Wednesday, June 29, 2011

Maine by J. Courtney Sullivan

I read this book during a three and a half hour plane flight and it was the perfect flight companion. I love reading stories about unique family dynamics and the family at the center of this novel is certainly unique in it’s brand of dysfunction. I also enjoyed the fact that a historical event is at the center of the family’s backstory – the fire at the Cocoanut Club in Boston in 1942.

I was fascinated by the closed-up nature of the matron of the story. Alice makes her opinions known and rarely bites her tongue when criticizing her daughters or granddaughters and yet she keeps so much of her personal story to herself. I can’t imagine my own deceased grandmothers doing so. And yet I realize there is so much that is unknown to me about my own grandmothers' lives. In a world with internet and genealogy websites, and a constant news cycle, its hard to imagine a deeply traumatic event being locked up inside one individual. The Cocoanut Club fire and the death of her sister, transforms Alice's life path. And it is her inability to forgive herself that dictates her flawed relationship with her children and grandchildren.

Alice’s deep faith was also intriguing to me since I know so very little about Catholicism. Alice's faith sustains her and explains many of her life choices. At first glance it's hard to understand this (living in an era with so much overt agnosticism) and yet it rings completely true to the character and the tenor of the story.

One of the most interesting aspect was examining the intergenerational changes and interactions. Alice wanted to become an artist but she squashed that dream and tried to devote herself to her husband and providing grandchildren for her parents. Alice struggled to be motherly and battled alcoholism until her husband gave her an ultimatum. Alice’s oldest daughter, Kathryn, battles alcoholism just like her mother and looks back at motherhood as something that restricts a woman’s freedom and life choices. She is not overjoyed when her old daughter considers single motherhood. A grandmother who wished she had rejected the traditional path, a daughter who battles many of her mother's demons, and a granddaughter who has made it as a writer and yet yearns to be a mother. So much changes over time. I loved seeing how much changes inside three generations. Also it was interesting how Alice's faith and churchgoing was juxtaposed with Kathryn's new aged dogmatism regarding AA, meditation and yoga. This all rang so true to me. Each generation sought deeper meaning but their time period dictated what they clutched onto.

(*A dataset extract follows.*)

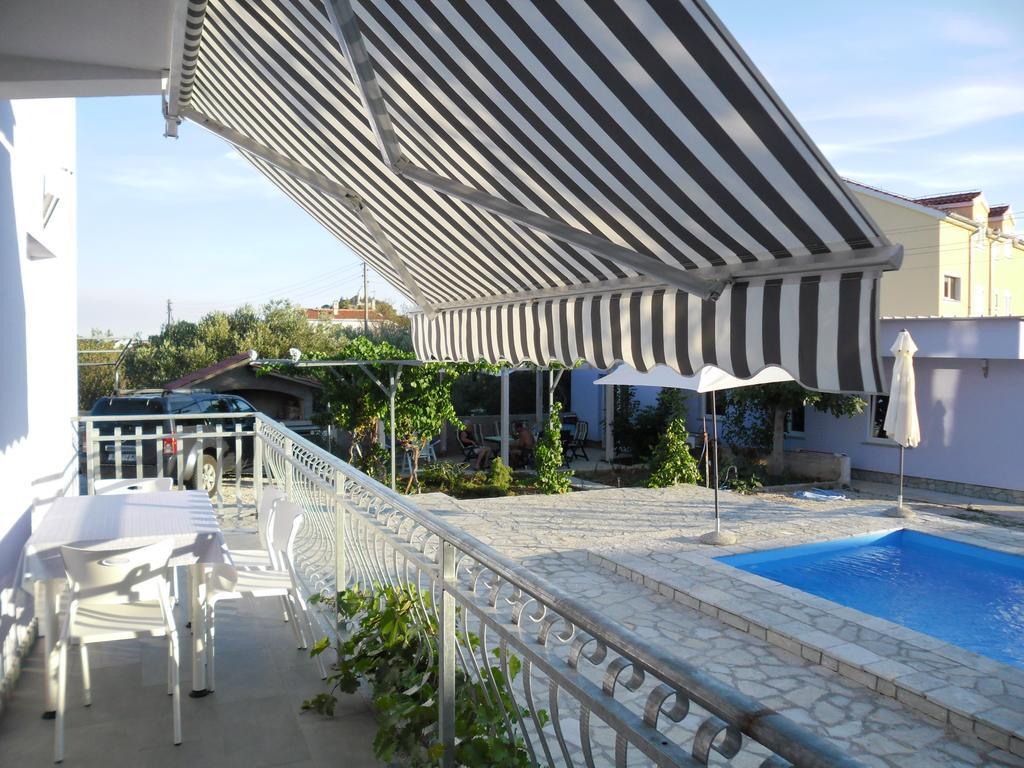 Apartments Jerine Tribalj Dış mekan fotoğraf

There are so many fascinating aspects of this story. The fact that Alice was closer to her daughter-in-law than her daughters. The daughter-in-law's own story growing up poor in Southie. The gay granddaughter who is off-stage in the Peace Corps (I wished we had learned more of her story). The novel raises the question: are parents responsible for their own children's stumbles? If your children are your life's work and they stumble are you a failure? There is so much to discuss about this novel. I can't wait to hear what resonated the most for other readers.